**YOUR OBJECTIVE:** Please return exactly the lines below that run from the line with "The Music of Louis Andriessen" through the end of the listing, both included, but not the pictures.

:: DATASET CONTENT

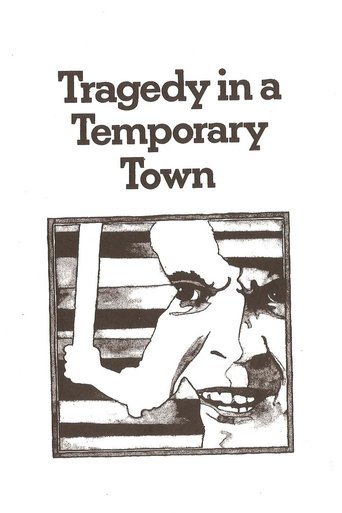 Tragedy in a Temporary Town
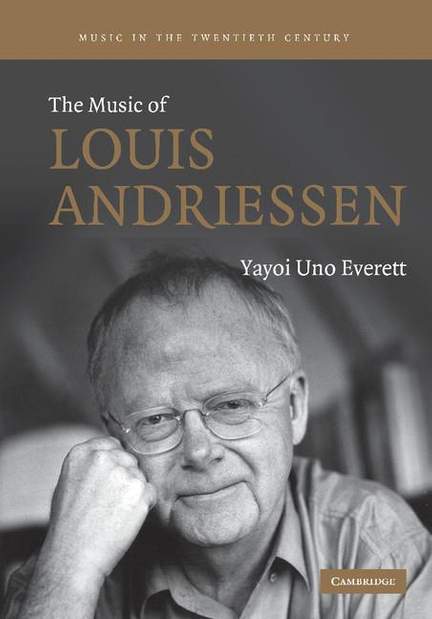The Music of Louis Andriessen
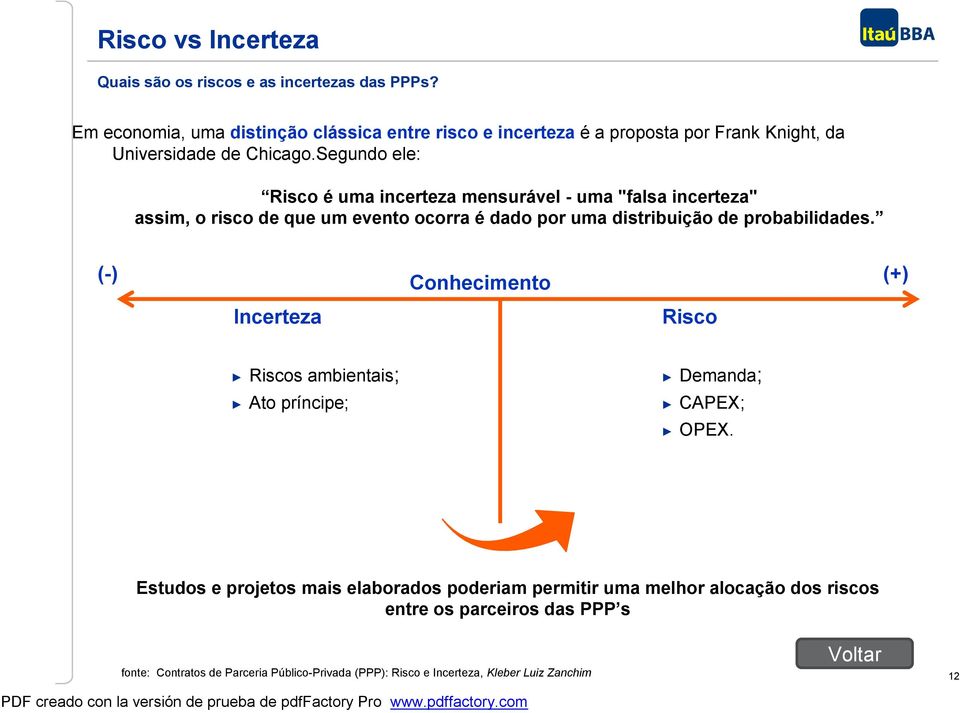 Segundo ele: Risco é uma incerteza mensurável - uma "falsa incerteza" assim, o risco de que um evento ocorra é dado por uma distribuição de probabilidades.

::::

**SOLUTION TO THIS PROBLEM:**
The Music of Louis Andriessen
 Segundo ele: Risco é uma incerteza mensurável - uma "falsa incerteza" assim, o risco de que um evento ocorra é dado por uma distribuição de probabilidades.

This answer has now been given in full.